LShift is terrified by asynchronous libraries performance

tptacek · on Dec 15, 2008

Couple things.

First, there isn't enough context in the LShift article to judge whether Marek has a valid point. He's conceded up front that both Libev and libevent show logN growth for adding new fd's to the loop, and seems to be arguing that it could be brought down to constant time. So? He hasn't presented evidence that the overhead he's talking about is significant in the real world. This is compute vs. I/O in an I/O-bound environment.

Next, he also seems to be taking his cues from the second set of benchmarks on the Libev page, in which every socket has a random timeout. This is a worst-case scenario for both Libev and libevent. Contrary to both the Libev page and Marek's analysis, setting timeouts on individual I/O events is not the only way to implement "idle timeouts" (which many protocols don't even have); it is in fact one of the poorer approaches.

Finally, he's taken two very specific benchmarks and generalized them to the whole design approach. Libevent is considered "high-performance" because async I/O is a high-performance design --- especially compared to demand-threading --- and libevent was the first stable, cross-platform implementation of it. It's also "high-performance" because it implements the high-performance kernel interfaces, like epoll. But the internals of libevent, while reasonable, are not (at least last time I checked) particularly optimized.

You can get around most of these problems by building on top of libevent; for instance, at Arbor Networks, we ditched libevent's (verbose, clumsy) timer interface for a better data structure, and simply kept libevent notified of the next closest timeout.

"Terrified" seems like a very silly word to use here, but I'm always eager to get schooled.

damienkatz · on Dec 15, 2008

This article seems a bit over the top. I implemented the MySQL interface to libevent for mysql 6.0, and we got really good performance numbers vs. thread per connection: http://krow.livejournal.com/572937.html

I've spent a fair amount of time inside the libevent library source, and I'm pretty sure adding new connections is constant time as far as the library goes.
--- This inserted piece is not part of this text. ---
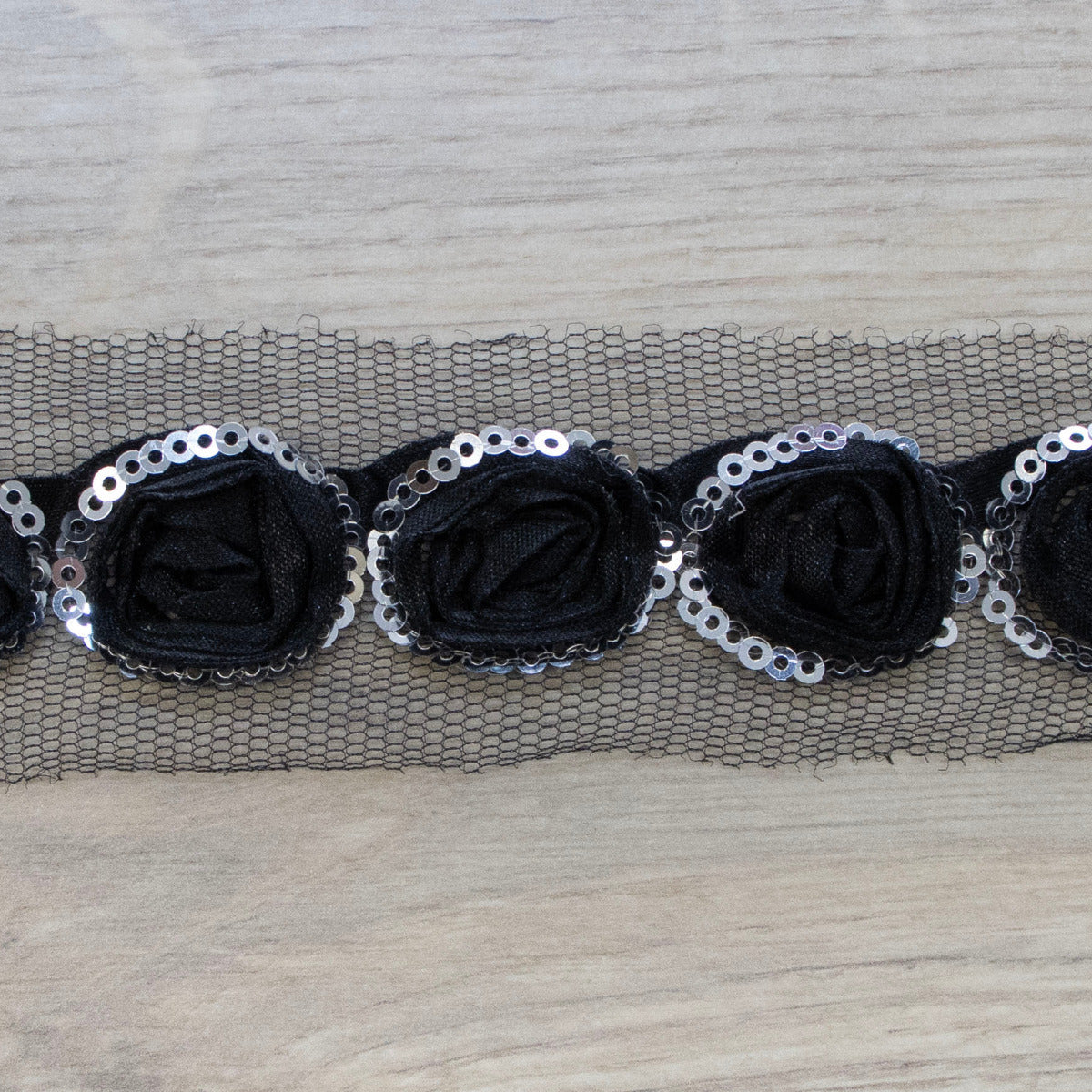 Rosenborte Mesh mit Pailetten - ca. 4 cm breit - schwarz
There is however the underlying cost of the event struct memory allocation and the cost of the low level apis, but otherwise, IIRC, they keep it down to a single memalloc and link it into the head of internal linked lists for fixed cost insertion.

The observed log(N) insertion cost comes likely from the low level poll apis, and there is pretty much nothing libevent can do to make that faster. However you can choose the low level api used on some platforms via build options, so theoretically you can use a poll api better suited to your workload.

tptacek · on Dec 15, 2008

My impression was that Marek assumed every read event would always have a specified timeout, and his insertion time referred to inserting into the timer queue.

damienkatz · on Dec 15, 2008

I see, but if it's a timer problem then with libevent you can roll your own timer queue optimized for your workload. The libevent core is small and well designed (but not well documented), integrating custom timer mechanisms is actually pretty straightforward.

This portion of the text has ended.